- Education: University of Pennsylvania (C'80 D'84 GD'85 WG'85)
- Scientific career
- Workplaces: Rutgers School of Dental Medicine (1988 - present)

= Cecile Feldman =

American dental scientist

Cecile Arlene Feldman-Zohn is an American dental scientist who is a professor and Dean of the School of Dental Medicine at the Rutgers University. Her research considers dental informatics and health services research. She was elected Fellow of the American Association for the Advancement of Science in 2020.

== Early life and education ==
Feldman was an undergraduate student at the University of Pennsylvania. During her second year, she decided she wanted to study dentistry and accelerated her course to complete in three years. She remained at the University for her dental degree, where she focused on patient care. She completed a Master of Business Administration in health care administration. As a dentistry student, she played piccolo in The University of Pennsylvania Band.

== Research and career ==
In 1988, Feldman joined the New Jersey Dental School (now Rutgers School of Dental Medicine). As of 2024, she was a Distinguished Professor in both that school and the Rutgers School of Public Health. Earlier in her career at Rutgers, she served as Director of Information Services and Quality Assurance, Associate Dean for Planning and Assessment, Acting Associate Dean for Academic Affairs, and Acting and Interim Dean.

Feldman works on dental informatics and the research of health services. In 2001, Feldman was made Dean of the Rutgers School of Medicine. She is on the Board of the Eastman Institute for Oral Health. She has campaigned to bring better dental care to veterans.

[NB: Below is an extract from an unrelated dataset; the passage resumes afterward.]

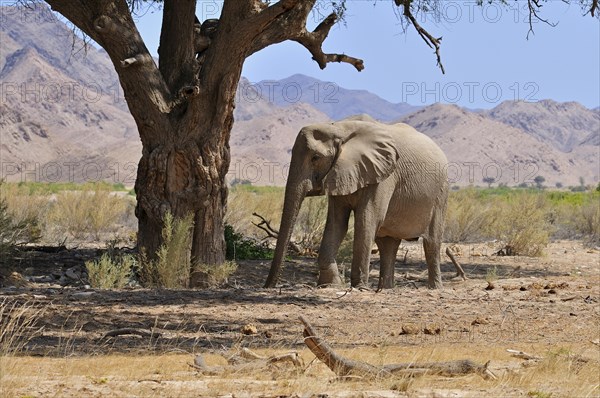 Rare Namibian Desert Elephant (Loxodonta africana)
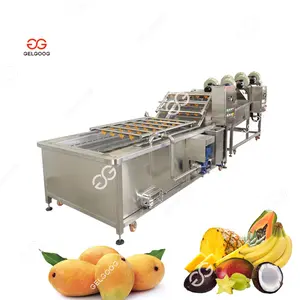 Commercial Fruit Processing Young Coconut Washing Machine Air Bubble Mango Washing Sorting Line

Feldman has researched how the combination of ibuprofen and acetaminophen can be used as an alternative to opioids. During the COVID-19 pandemic, Feldman started a clinical trial to understand the prevalence of COVID-19 amongst dental healthcare workers. She switched the region's dental practice to a fully telemedicine service, and shifted their training to a digital curriculum.

== Awards and honors ==
In 2010, Doctor Feldman and Doctor Harry Zohn jointly received the Award of Appreciation from the University of Pittsburgh School of Dental Medicine for their contributions to the mission and goals of the School of Dental Medicine.

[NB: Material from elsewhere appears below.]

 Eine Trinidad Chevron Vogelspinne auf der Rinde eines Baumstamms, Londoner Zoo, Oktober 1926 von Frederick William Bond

In 2015, Doctor Feldman received the Shils Innovator Award for her outstanding leadership as an educator and her commitment to training tomorrow's dental care providers.

In 2024, the Penn Dental Medicine Alumni Society bestowed Doctor Feldman with the Thomas Evans Achievement Award, the organization's highest honor for alumni who have shown excellence, innovation, and leadership in the profession of oral health care.